START Task input

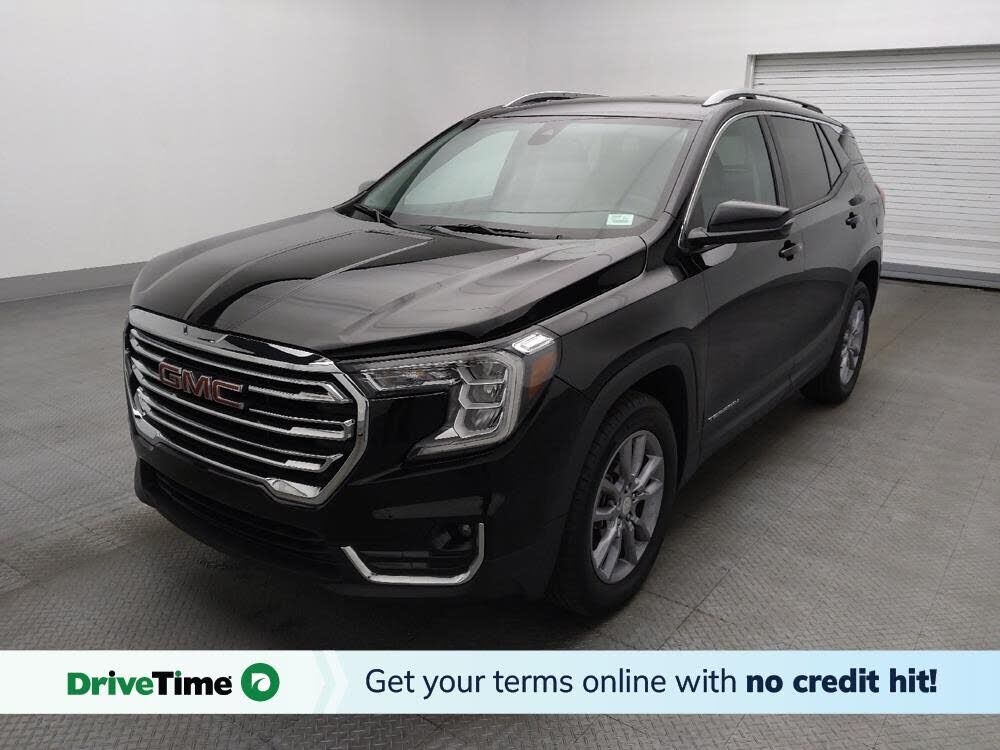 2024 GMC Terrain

END Task input
START Task input

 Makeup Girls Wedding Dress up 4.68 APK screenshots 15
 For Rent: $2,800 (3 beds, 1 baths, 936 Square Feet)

END Task input

What is needed is a verbatim copy of every line in the records above from the one containing "Makeup Girls Wedding" down to the one containing "For Rent: $2,800", both included, and nothing more.

 Makeup Girls Wedding Dress up 4.68 APK screenshots 15
 For Rent: $2,800 (3 beds, 1 baths, 936 Square Feet)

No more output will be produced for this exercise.